▶ About this exercise
Give back the whole listing exactly as written, pictures excluded.

▶ Data block
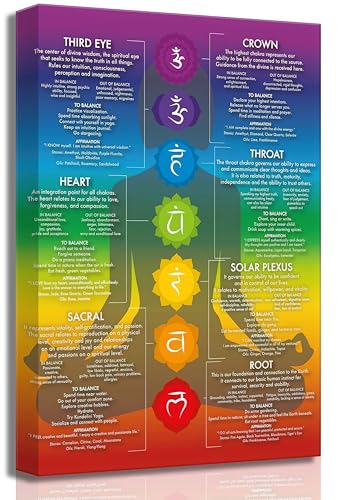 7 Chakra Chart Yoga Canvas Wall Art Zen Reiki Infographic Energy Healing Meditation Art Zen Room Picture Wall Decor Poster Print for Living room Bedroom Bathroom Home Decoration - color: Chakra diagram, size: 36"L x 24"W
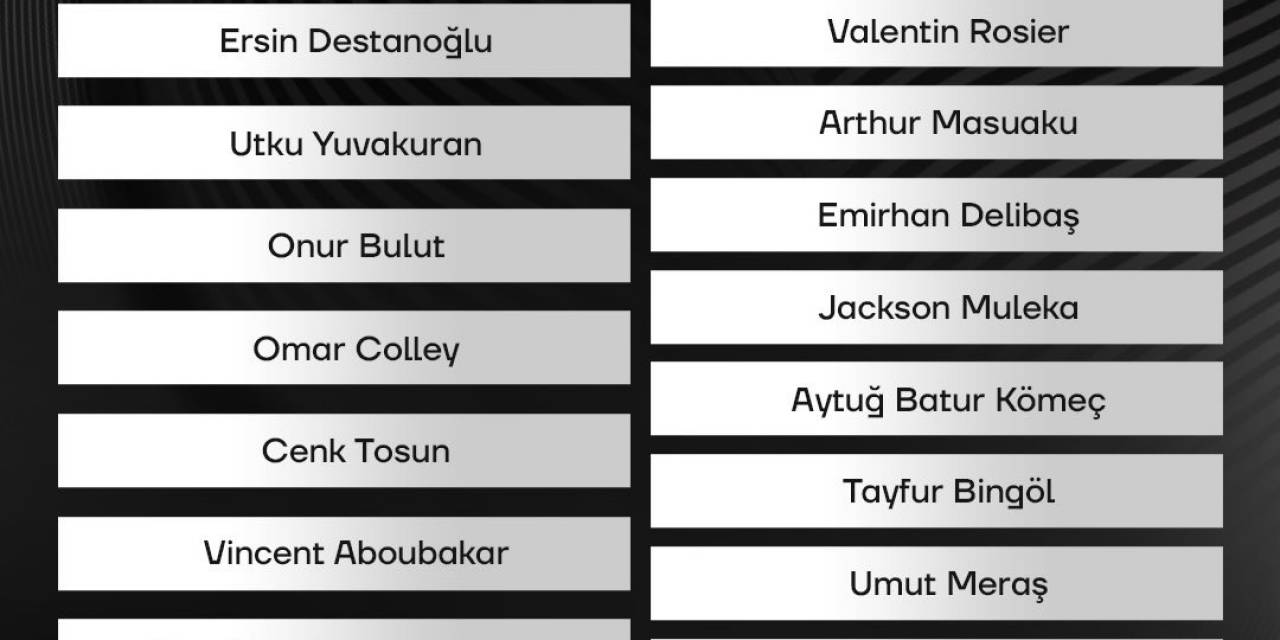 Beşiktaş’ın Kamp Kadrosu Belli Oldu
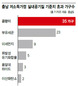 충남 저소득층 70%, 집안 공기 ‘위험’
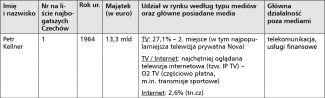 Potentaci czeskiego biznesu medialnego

▶ Answer below
 7 Chakra Chart Yoga Canvas Wall Art Zen Reiki Infographic Energy Healing Meditation Art Zen Room Picture Wall Decor Poster Print for Living room Bedroom Bathroom Home Decoration - color: Chakra diagram, size: 36"L x 24"W
 Beşiktaş’ın Kamp Kadrosu Belli Oldu
 충남 저소득층 70%, 집안 공기 ‘위험’
 Potentaci czeskiego biznesu medialnego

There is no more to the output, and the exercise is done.